Une jeunesse bretonne et un départ précoce

Originaire du Morbihan, Marie-Julienne est l’aînée d’une fratrie de quatre enfants. Encore jeune, elle quitte son village pour travailler à Nantes afin de subvenir aux besoins de sa famille restée en Bretagne. Comme beaucoup de jeunes femmes de l’époque, elle trouve un emploi en ville tout en conservant des liens étroits avec les siens.

Une rencontre déterminante à Nantes

C’est à Nantes que Marie-Julienne fait la connaissance de Charles, un soldat américain débarqué à Saint-Nazaire avec les volontaires venus d’outre-Atlantique. Malgré la barrière de la langue, une relation se construit. Charles lui promet le mariage si elle accepte de le rejoindre aux États-Unis.

La traversée vers l’Amérique

Après un séjour auprès de sa famille en Bretagne, Marie-Julienne prend la décision de partir. Elle embarque au Le Havre à bord du transatlantique La Touraine. Le voyage la mène à New York, où elle passe par Ellis Island, étape incontournable pour les migrants.

À son arrivée, le couple se marie et s’installe à Olean. De cette union naît une fille, prénommée Marcelle.

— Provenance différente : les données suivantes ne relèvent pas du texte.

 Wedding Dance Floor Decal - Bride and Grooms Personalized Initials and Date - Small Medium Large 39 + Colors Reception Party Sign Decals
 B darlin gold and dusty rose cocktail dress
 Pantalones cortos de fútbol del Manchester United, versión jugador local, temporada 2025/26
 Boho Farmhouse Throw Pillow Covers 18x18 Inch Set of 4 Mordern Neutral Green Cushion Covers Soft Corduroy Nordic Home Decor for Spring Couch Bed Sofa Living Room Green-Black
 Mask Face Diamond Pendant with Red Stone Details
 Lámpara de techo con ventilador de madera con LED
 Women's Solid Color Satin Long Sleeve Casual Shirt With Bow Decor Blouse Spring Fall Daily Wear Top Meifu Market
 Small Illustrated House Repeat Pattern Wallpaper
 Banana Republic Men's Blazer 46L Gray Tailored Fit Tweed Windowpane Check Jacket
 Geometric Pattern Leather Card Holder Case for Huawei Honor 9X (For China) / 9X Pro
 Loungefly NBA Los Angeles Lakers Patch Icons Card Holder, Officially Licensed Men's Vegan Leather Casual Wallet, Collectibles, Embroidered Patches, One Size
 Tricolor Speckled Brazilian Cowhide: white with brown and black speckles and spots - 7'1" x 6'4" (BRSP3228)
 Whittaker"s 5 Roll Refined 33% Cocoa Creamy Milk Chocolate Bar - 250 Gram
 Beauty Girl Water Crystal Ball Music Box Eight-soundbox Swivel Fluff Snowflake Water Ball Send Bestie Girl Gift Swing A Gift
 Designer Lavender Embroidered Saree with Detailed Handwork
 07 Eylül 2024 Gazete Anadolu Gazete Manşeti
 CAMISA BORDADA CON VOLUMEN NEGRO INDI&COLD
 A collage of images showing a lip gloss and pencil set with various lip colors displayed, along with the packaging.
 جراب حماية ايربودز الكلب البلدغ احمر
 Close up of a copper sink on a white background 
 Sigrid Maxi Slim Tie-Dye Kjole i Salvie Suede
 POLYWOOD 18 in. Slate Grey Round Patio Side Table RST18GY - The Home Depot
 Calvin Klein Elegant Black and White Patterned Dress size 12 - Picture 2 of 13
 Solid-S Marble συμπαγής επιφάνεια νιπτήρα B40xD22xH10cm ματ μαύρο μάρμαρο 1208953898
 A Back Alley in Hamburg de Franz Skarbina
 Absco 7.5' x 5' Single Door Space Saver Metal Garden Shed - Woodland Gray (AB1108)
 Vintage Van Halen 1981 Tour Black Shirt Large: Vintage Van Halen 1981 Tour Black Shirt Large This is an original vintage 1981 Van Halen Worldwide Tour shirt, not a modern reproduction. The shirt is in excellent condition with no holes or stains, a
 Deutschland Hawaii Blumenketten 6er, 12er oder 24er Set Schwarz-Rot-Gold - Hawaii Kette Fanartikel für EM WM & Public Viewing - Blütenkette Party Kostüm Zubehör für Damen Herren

Des liens maintenus puis interrompus

Marie-Julienne revient à deux reprises en Bretagne avec sa fille pour rendre visite à sa famille. Une nouvelle venue est envisagée, mais le contexte international empêche ce déplacement. Peu de temps après, Marie-Julienne décède de la tuberculose, laissant Marcelle seule avec son père.

Des cartes postales restées sans réponse

Marcelle envoie deux cartes à la famille bretonne. L’une d’elles parvient à destination mais reste sans réponse, aucun membre de la famille ne maîtrisant l’anglais et les échanges internationaux étant alors complexes. La carte n’est cependant pas jetée et est conservée pendant des décennies.

La reprise du contact après quarante ans

Bien plus tard, cette carte est retrouvée. La famille décide alors d’écrire à Marcelle, qui s’est mariée avec un Canadien et s’est installée en Ontario. Une lettre rédigée en français est traduite en anglais et envoyée à l’adresse figurant sur la carte.

Marcelle n’y réside plus, mais le facteur parvient à la localiser et à lui remettre le courrier. Une réponse est reçue, suscitant une vive émotion après quarante années de silence.

Des retrouvailles et des liens durables

Pendant onze ans, les échanges se poursuivent par lettres, photographies et nouvelles familiales. Une première visite est organisée au Canada, permettant à la lectrice de rencontrer Marcelle et l’ensemble de sa famille.

Depuis, les deux branches familiales ont renoué des relations régulières, à l’occasion de vacances, de réunions familiales et de mariages, redonnant une continuité à une histoire interrompue pendant plusieurs décennies.